SurfSplat: Conquering Feedforward 2D Gaussian Splatting with Surface Continuity Priors¶
Conference: ICLR 2026
arXiv: 2602.02000
Code: https://hebing-sjtu.github.io/SurfSplat-website/
Area: 3D Vision
Keywords: 2D Gaussian Splatting, Feedforward 3D Reconstruction, Surface Continuity, High-Resolution Rendering Consistency, Sparse View
TL;DR¶
SurfSplat proposes a feedforward 3D reconstruction framework based on 2DGS. It binds Gaussian rotation and scale to neighborhood positions via surface continuity priors, addresses color bias through a forced alpha blending strategy, and introduces the High-Resolution Rendering Consistency (HRRC) metric to reveal reconstruction quality differences at high resolutions.
Background & Motivation¶
Current feedforward 3DGS methods show excellent NVS metrics at standard resolutions, but suffer from a severe overlooked issue:
Degenerated 3D Scenes: Reconstructions are actually discrete, color-biased point clouds rather than continuous surfaces, exposing severe artifacts (holes, color bias, surface fractures) under close-up or off-axis views.
Underutilized Anisotropy: Learnable Gaussian primitives struggle to decouple geometry and texture using only gradient supervision, causing Gaussians to degenerate into near-spherical shapes.
Failure of Evaluation Metrics: Standard PSNR/SSIM/LPIPS at original resolution fail to capture geometric inaccuracies, masking true reconstruction quality.
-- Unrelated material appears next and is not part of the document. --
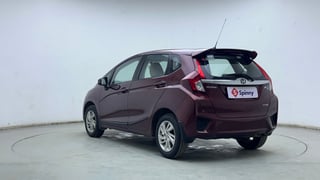 Used 2016 Honda Jazz VX Petrol Petrol Manual exterior LEFT REAR CORNER VIEW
The authors observe: Direct training of 2DGS is more challenging than 3DGS—the planar nature of 2D Gaussians causes small geometric perturbations to result in large rendering deviations, a problem exacerbated under limited supervision.
Method¶
Overall Architecture¶
SurfSplat addresses surface degeneration and color bias in feedforward 2DGS under sparse views. The reconstruction backbone is a feedforward pipeline: sparse images are first processed by a dual-path encoder (a single-view branch using Depth Anything V2 for monocular priors, and a multi-view branch using self/cross-attention to build a cost volume). Features are concatenated and fused before being sent to a 2D U-Net with DPT heads to regress intermediate attributes such as depth, scale multipliers, appearance components, and opacity. Instead of regressing Gaussian parameters independently, the "Gaussian Processor" converts these intermediate values into geometrically consistent standard 2DGS attributes using surface continuity priors and forced alpha blending to render continuous surfaces. In addition to the reconstruction backbone, the authors propose the HRRC (High-Resolution Rendering Consistency) metric to evaluate geometric defects hidden by standard PSNR.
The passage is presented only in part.